[INFORMATION]
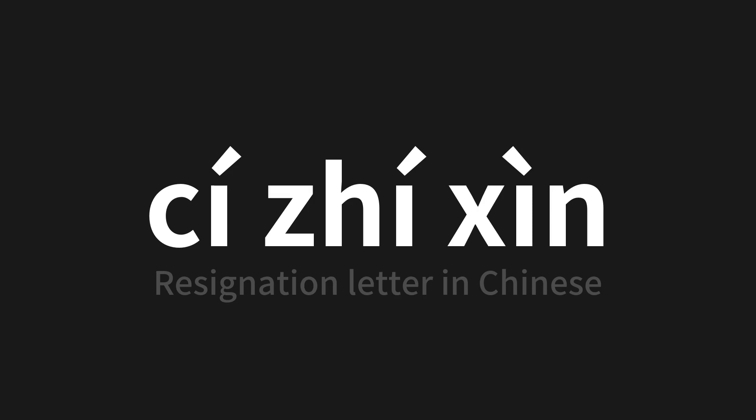One more time. Thank you for joining us on this adventure in pronunciation. Remember, language is a journey, not a destination — keep exploring, experimenting, and expanding your linguistic horizons. We'll see you next time.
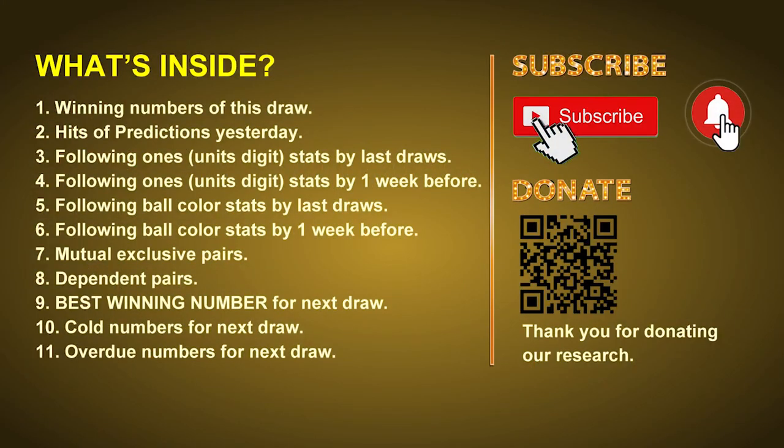Good afternoon my friends, welcome to UK 49's Tea Time Club. Here we share statistics and probability of UK 49's tea time winning numbers and maybe give you some inspiration for numbers of the next draw. Please like, share, and subscribe our channel if you like it, and don't hesitate to leave us comments. In this video we will tell you the draw result today, review hits of predictions we made yesterday, and then do some math to find out the best ball color and best winning numbers for next draw, plus tips on mutual exclusive pairs, dependent pairs, cold numbers, and overdue numbers.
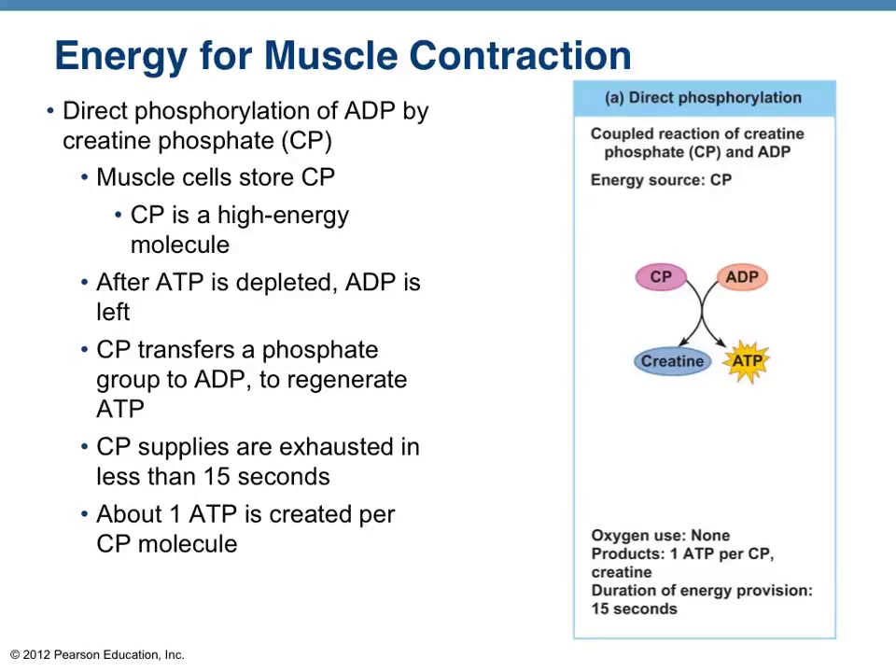The first strategy for the body is direct phosphorylation. We take the adenosine diphosphate left over and, using another natural compound in the body — creatine phosphate — a phosphate is donated from creatine phosphate back to ADP, regenerating the high-energy ATP molecule for muscle contraction. The creatine phosphate supplies are exhausted in roughly 15 seconds, so there's not a whole lot of time for sustained muscle contraction just from creatine phosphate.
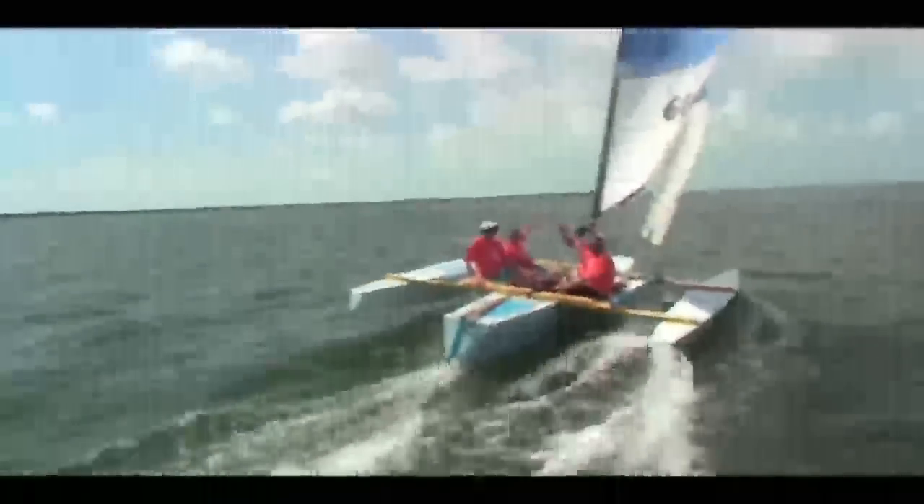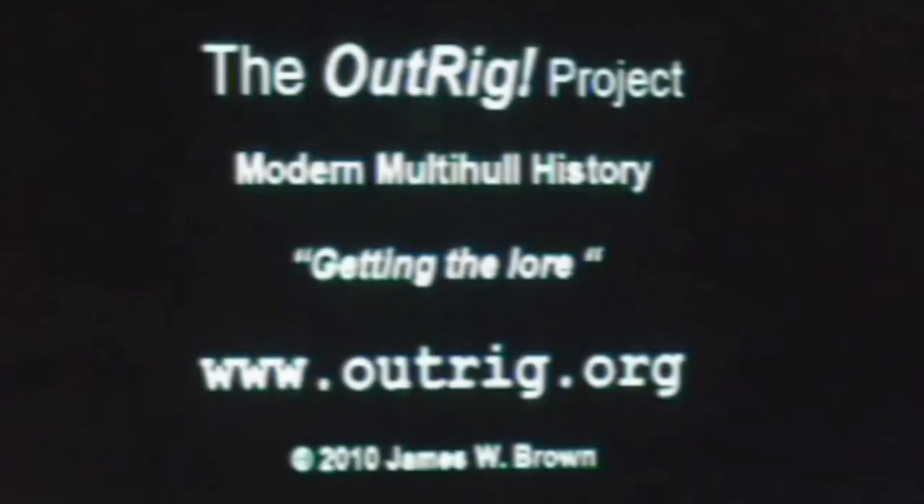Okay, everybody wave. Then she catches a gust and off she goes. I think that's a great little boat you can build yourself for about five grand. Bye bye.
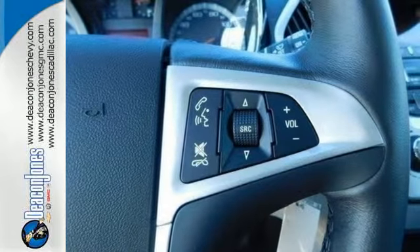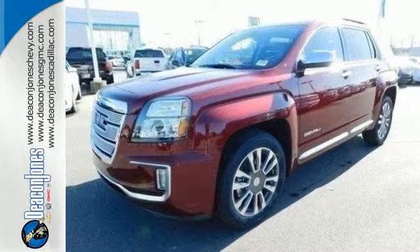You won't fall in love with just the utility, but incredible style too. Test drive the Terrain today.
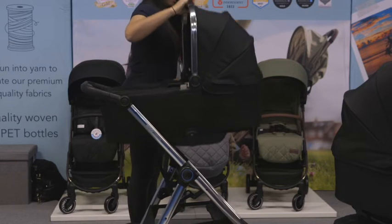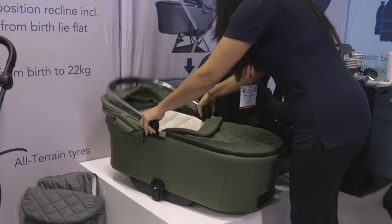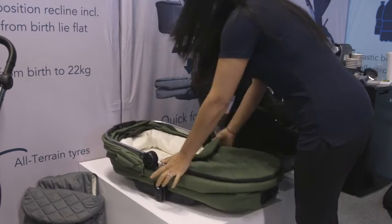It also has a quick fold mechanism and a one-button release from the chassis. It also has a great rocking feature which helps put baby to sleep.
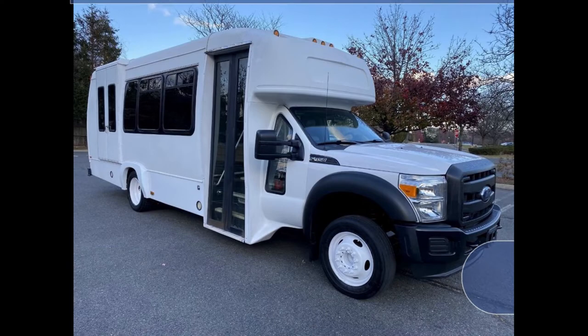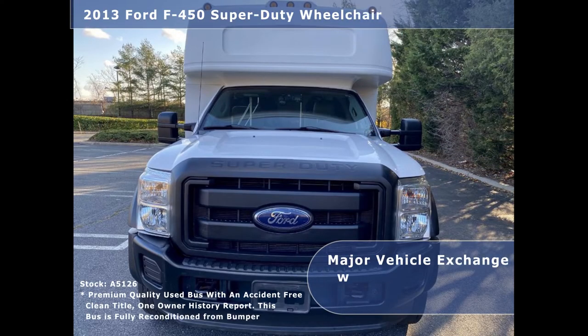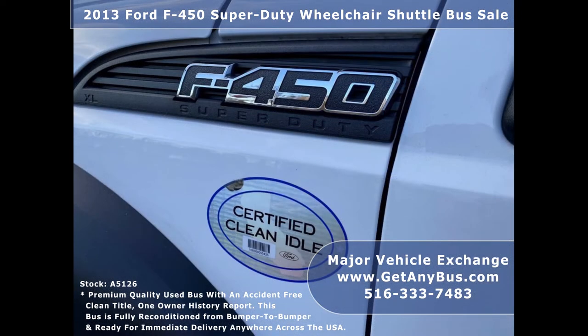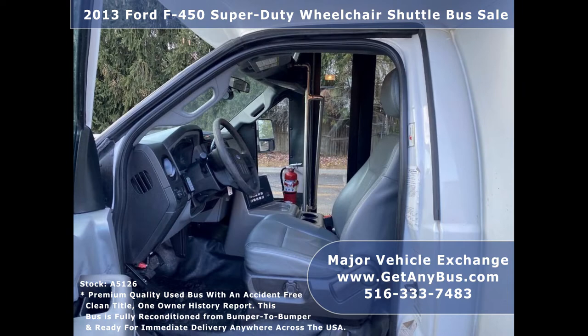Major Vehicle Exchange presents a 2013 Ford F450 Super Duty Wheelchair Shuttle Bus for sale. Stock number A5126. This used bus for sale has an accident-free clean title, one-owner Autocheck report. It can accommodate up to 16 passengers plus driver and up to 3 wheelchair positions.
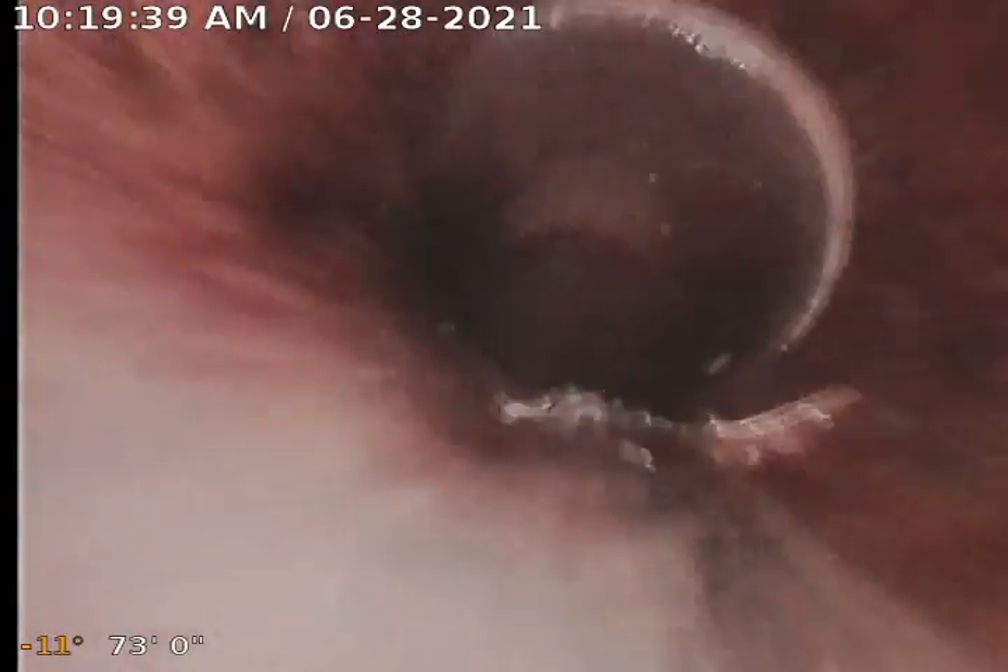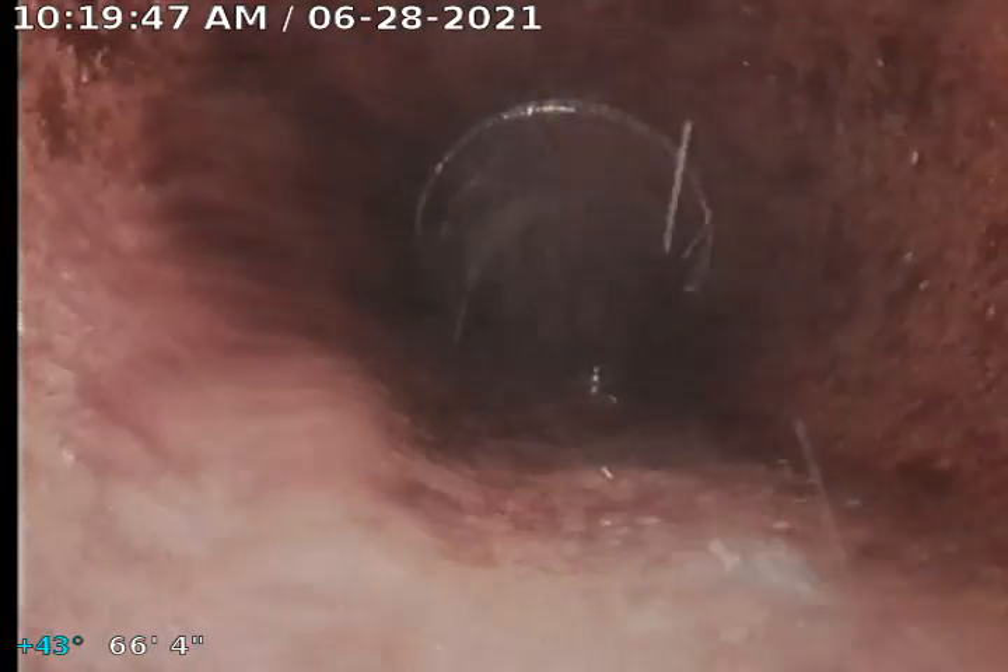When we got here, there was a major, major blockage right here by this clean-out. Surprised they weren't complaining or mentioning that something was wrong here. You can see lots of little pieces that went down the drain. This whole line was just covered in roots, guys. It's time for a repair.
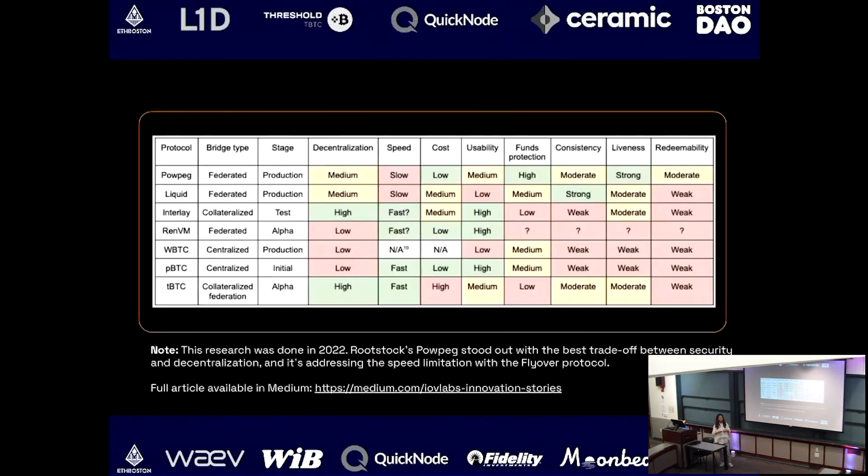Our research team did a study in 2022 comparing the Powpeg bridge on Rootstock to all other Bitcoin bridges. There are different dimensions to judge a bridge: type — federated, collateralized, centralized — as well as decentralization level, speed, cost, and usability. Our conclusion, admittedly with a little bias, is that Rootstock is the best in terms of the trade-off between security and decentralization.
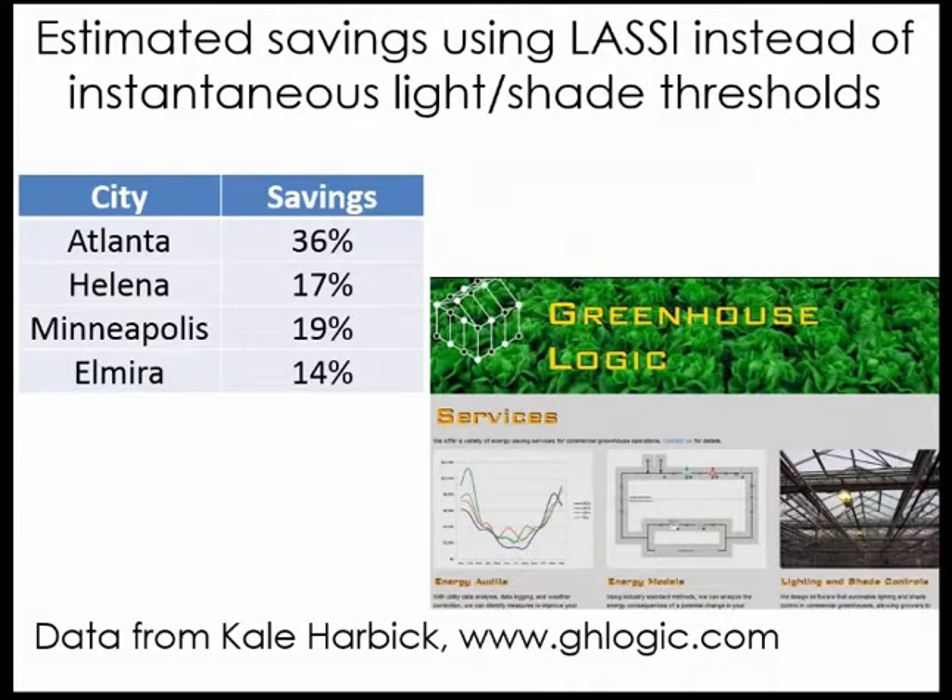One of our team members, Cale Harbeck, calculated the savings from using a sophisticated DLI control like LASI versus an instantaneous light-and-shade control. He found that in Atlanta you would reduce supplemental lighting by 36% per year, due largely to overshading with the simpler method. In Helena, 17% savings; Minneapolis, 19%; and Elmira, New York, 14%. There can be real savings in energy use from concerted attention to control strategies. Cale has formed a startup called Greenhouse Logic at GreenhouseLogic.com providing energy audits, energy modeling, and LASI implementation.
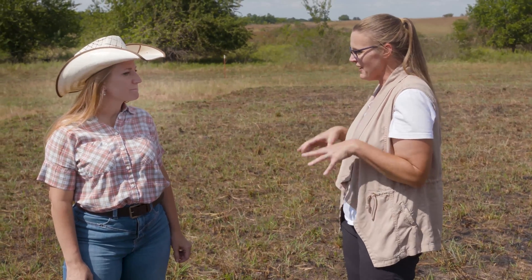Today we are out here at the range research station just west of Stillwater's main campus, in a prescribed burn area, talking with Dr. Laura Goodman. Dr. Goodman, thank you for having us again — we always enjoy coming out and hearing about your research. Tell us a little bit about this pasture in particular and when it was recently burned.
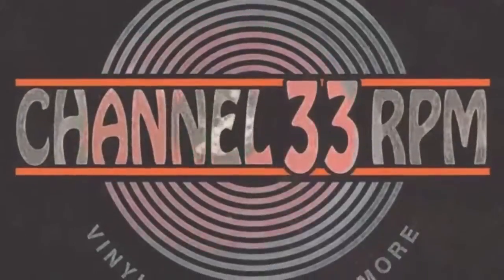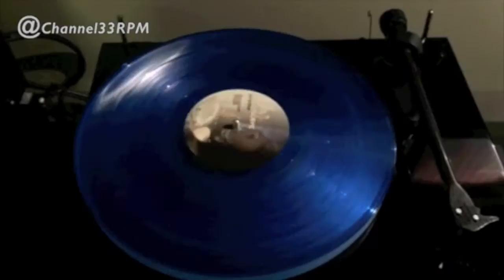Channel 33 RPM. Hey, it's time for another gear update. Today I'm going to show you a pair of killer speakers designed for music fans on a budget from a company you've probably never heard of before. Hey everyone, Frank here, Channel 33 RPM.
[/INFORMATION]
WHAT THIS TASK INVOLVES:
Reproduce every record above exactly, but leave out the pictures.

RESPONSE:
One more time. Thank you for joining us on this adventure in pronunciation. Remember, language is a journey, not a destination — keep exploring, experimenting, and expanding your linguistic horizons. We'll see you next time.
Good afternoon my friends, welcome to UK 49's Tea Time Club. Here we share statistics and probability of UK 49's tea time winning numbers and maybe give you some inspiration for numbers of the next draw. Please like, share, and subscribe our channel if you like it, and don't hesitate to leave us comments. In this video we will tell you the draw result today, review hits of predictions we made yesterday, and then do some math to find out the best ball color and best winning numbers for next draw, plus tips on mutual exclusive pairs, dependent pairs, cold numbers, and overdue numbers.
The first strategy for the body is direct phosphorylation. We take the adenosine diphosphate left over and, using another natural compound in the body — creatine phosphate — a phosphate is donated from creatine phosphate back to ADP, regenerating the high-energy ATP molecule for muscle contraction. The creatine phosphate supplies are exhausted in roughly 15 seconds, so there's not a whole lot of time for sustained muscle contraction just from creatine phosphate.
Okay, everybody wave. Then she catches a gust and off she goes. I think that's a great little boat you can build yourself for about five grand. Bye bye.
You won't fall in love with just the utility, but incredible style too. Test drive the Terrain today.
It also has a quick fold mechanism and a one-button release from the chassis. It also has a great rocking feature which helps put baby to sleep.
Major Vehicle Exchange presents a 2013 Ford F450 Super Duty Wheelchair Shuttle Bus for sale. Stock number A5126. This used bus for sale has an accident-free clean title, one-owner Autocheck report. It can accommodate up to 16 passengers plus driver and up to 3 wheelchair positions.
When we got here, there was a major, major blockage right here by this clean-out. Surprised they weren't complaining or mentioning that something was wrong here. You can see lots of little pieces that went down the drain. This whole line was just covered in roots, guys. It's time for a repair.
Our research team did a study in 2022 comparing the Powpeg bridge on Rootstock to all other Bitcoin bridges. There are different dimensions to judge a bridge: type — federated, collateralized, centralized — as well as decentralization level, speed, cost, and usability. Our conclusion, admittedly with a little bias, is that Rootstock is the best in terms of the trade-off between security and decentralization.
One of our team members, Cale Harbeck, calculated the savings from using a sophisticated DLI control like LASI versus an instantaneous light-and-shade control. He found that in Atlanta you would reduce supplemental lighting by 36% per year, due largely to overshading with the simpler method. In Helena, 17% savings; Minneapolis, 19%; and Elmira, New York, 14%. There can be real savings in energy use from concerted attention to control strategies. Cale has formed a startup called Greenhouse Logic at GreenhouseLogic.com providing energy audits, energy modeling, and LASI implementation.
Today we are out here at the range research station just west of Stillwater's main campus, in a prescribed burn area, talking with Dr. Laura Goodman. Dr. Goodman, thank you for having us again — we always enjoy coming out and hearing about your research. Tell us a little bit about this pasture in particular and when it was recently burned.
Channel 33 RPM. Hey, it's time for another gear update. Today I'm going to show you a pair of killer speakers designed for music fans on a budget from a company you've probably never heard of before. Hey everyone, Frank here, Channel 33 RPM.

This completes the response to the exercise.